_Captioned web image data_
• • •

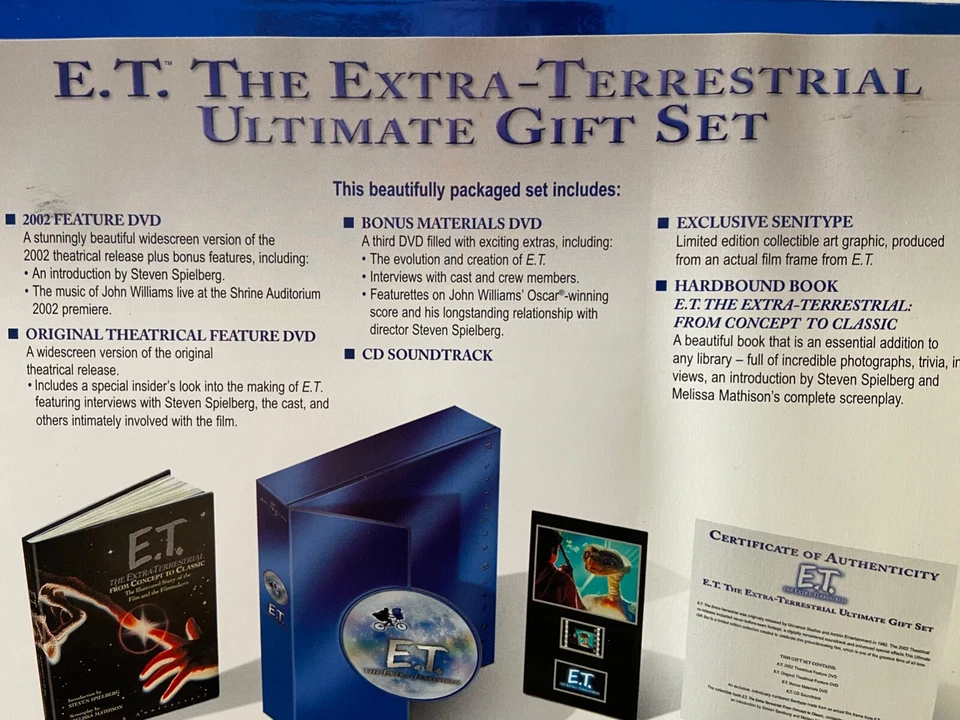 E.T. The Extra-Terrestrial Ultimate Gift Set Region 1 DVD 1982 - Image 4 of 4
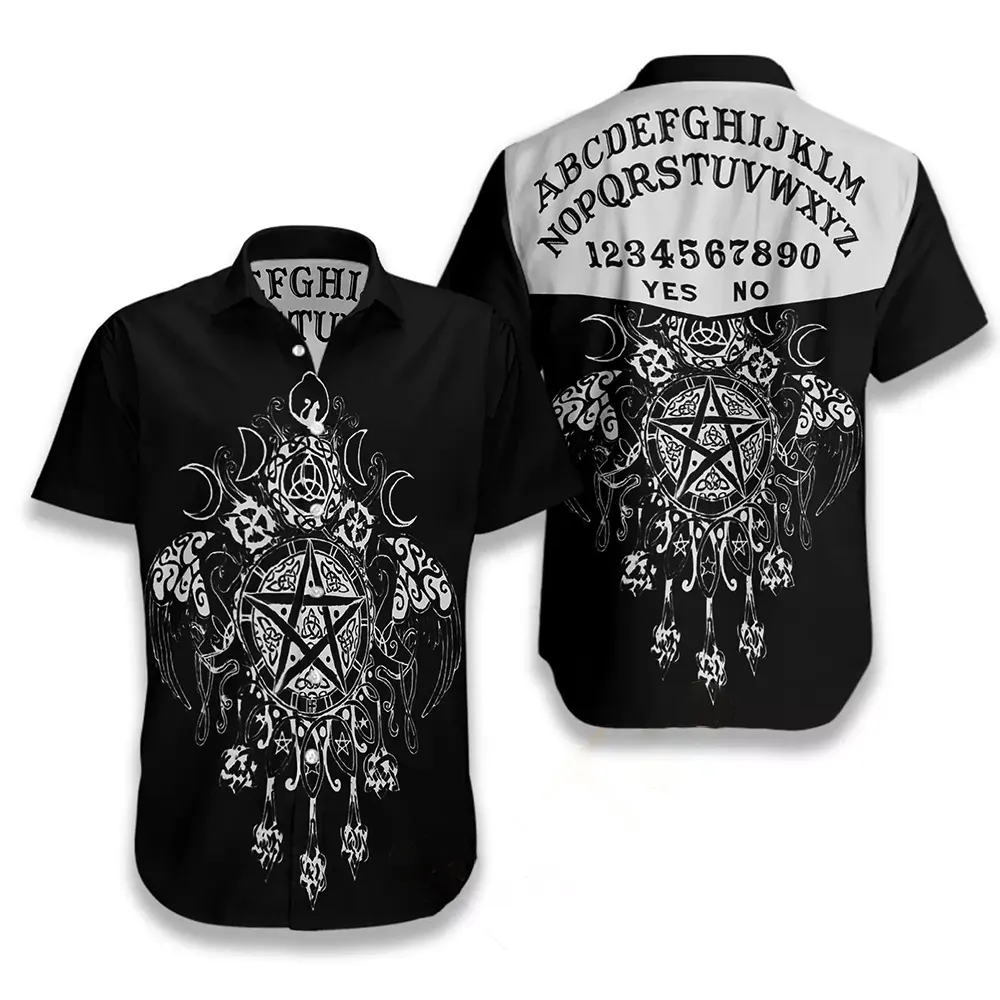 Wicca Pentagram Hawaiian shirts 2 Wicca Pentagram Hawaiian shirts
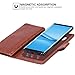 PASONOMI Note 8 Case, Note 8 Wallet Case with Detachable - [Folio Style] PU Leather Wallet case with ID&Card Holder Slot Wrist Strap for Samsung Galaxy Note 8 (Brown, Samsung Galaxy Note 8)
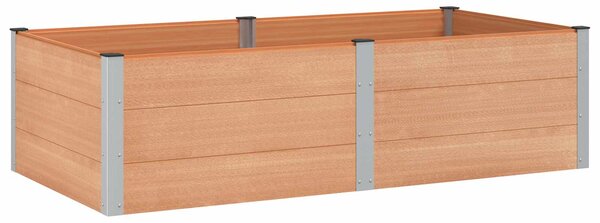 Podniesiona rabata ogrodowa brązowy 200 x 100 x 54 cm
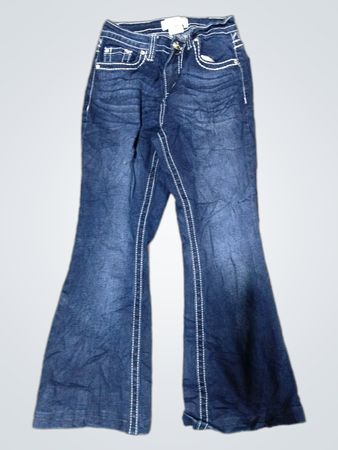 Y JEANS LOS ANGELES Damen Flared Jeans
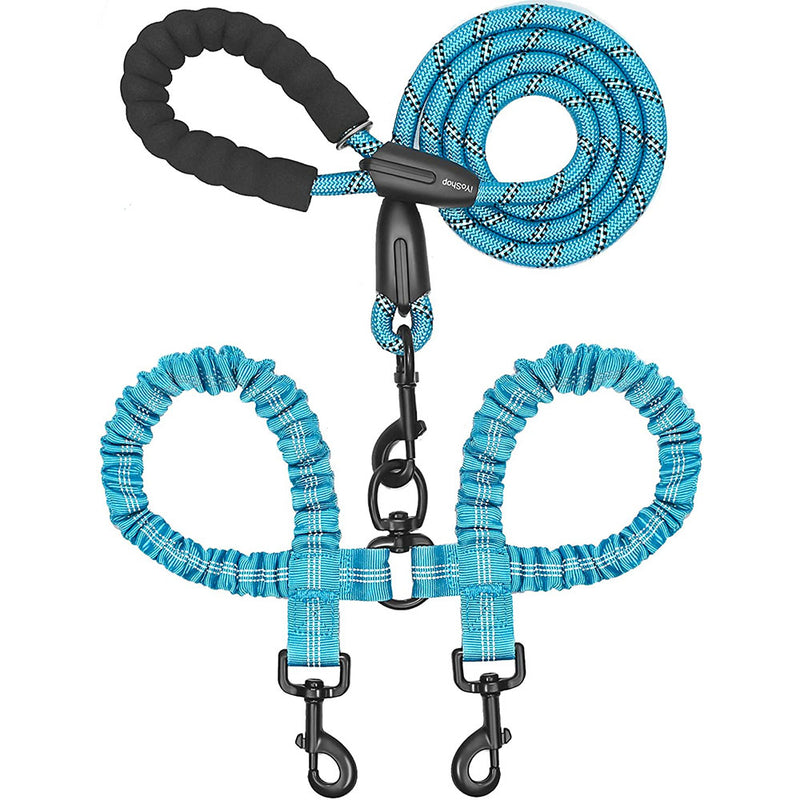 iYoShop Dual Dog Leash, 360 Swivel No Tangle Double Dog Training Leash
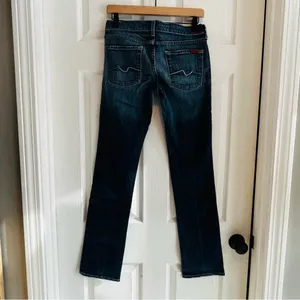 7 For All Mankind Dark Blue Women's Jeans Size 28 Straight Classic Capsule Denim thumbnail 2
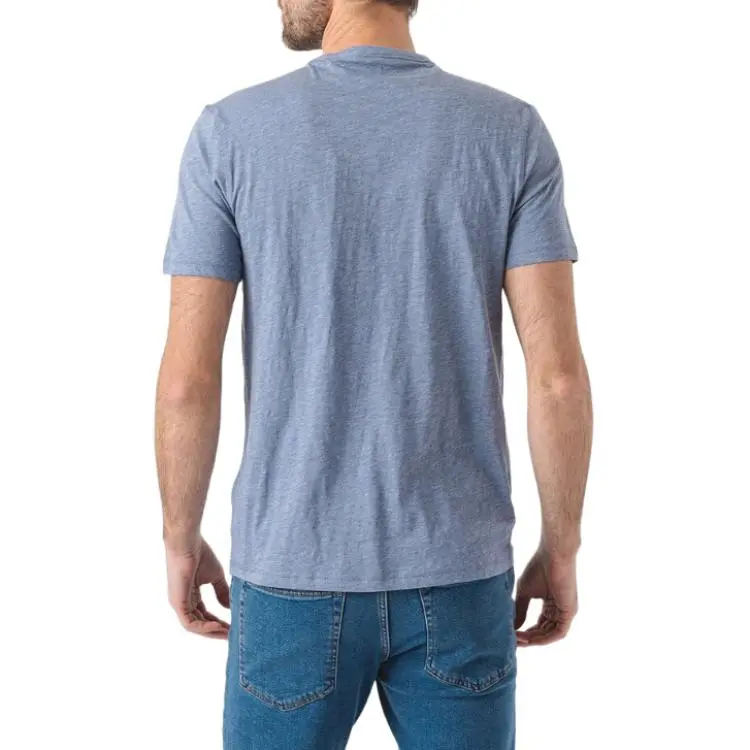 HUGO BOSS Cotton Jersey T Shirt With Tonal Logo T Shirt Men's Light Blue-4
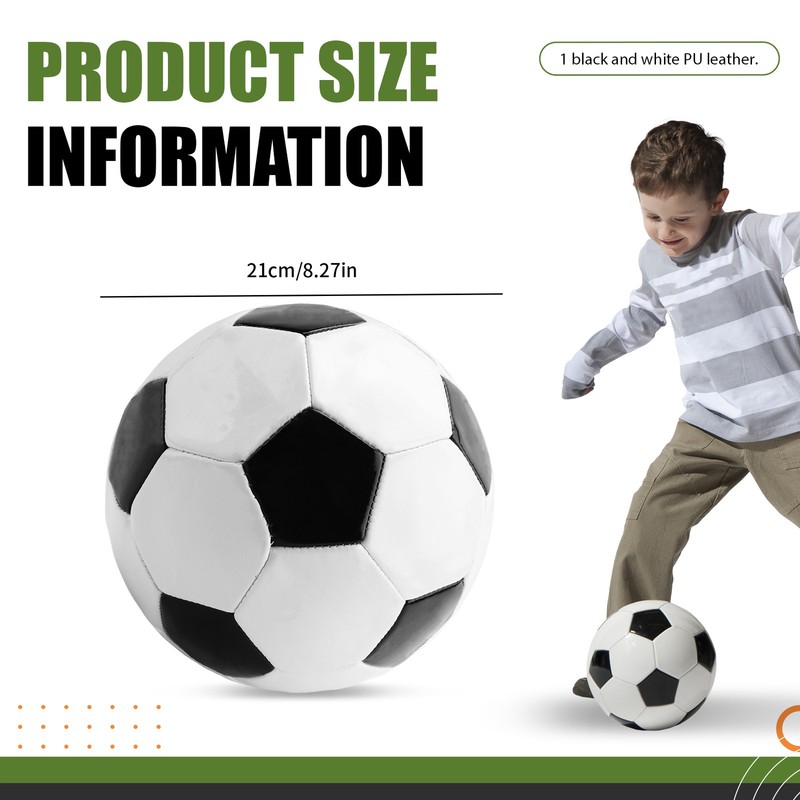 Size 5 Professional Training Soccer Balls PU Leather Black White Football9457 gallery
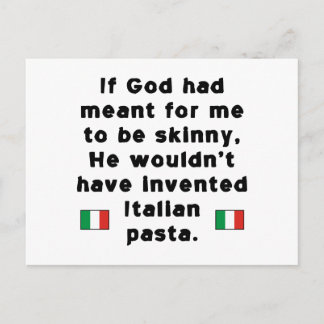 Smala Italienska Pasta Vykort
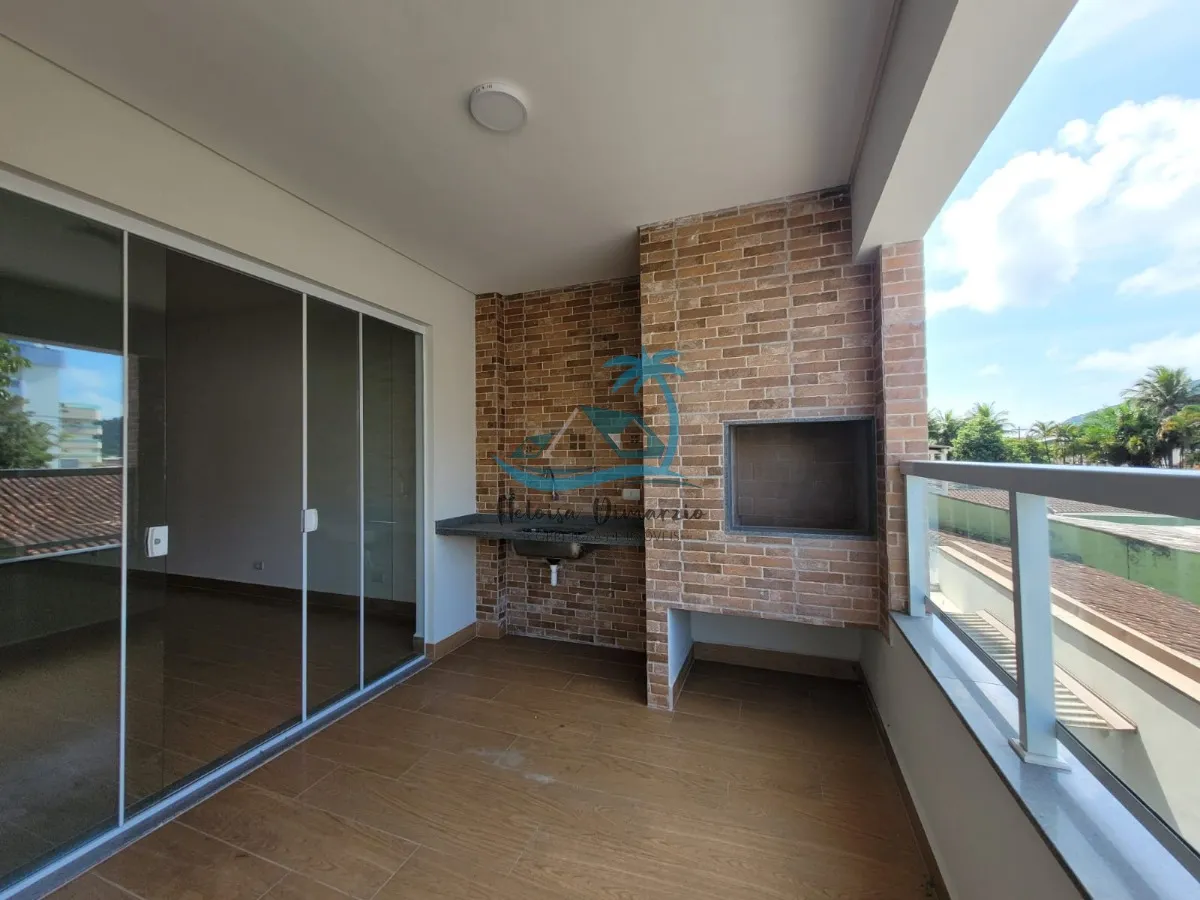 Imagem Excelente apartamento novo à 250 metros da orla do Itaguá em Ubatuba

• • •

Nothing but the lines from the line containing "iYoShop Dual Dog" to the end of the records above should be repeated, exactly and with every picture omitted.

 iYoShop Dual Dog Leash, 360 Swivel No Tangle Double Dog Training Leash
 7 For All Mankind Dark Blue Women's Jeans Size 28 Straight Classic Capsule Denim thumbnail 2
 HUGO BOSS Cotton Jersey T Shirt With Tonal Logo T Shirt Men's Light Blue-4
 Size 5 Professional Training Soccer Balls PU Leather Black White Football9457 gallery
 Smala Italienska Pasta Vykort
 Imagem Excelente apartamento novo à 250 metros da orla do Itaguá em Ubatuba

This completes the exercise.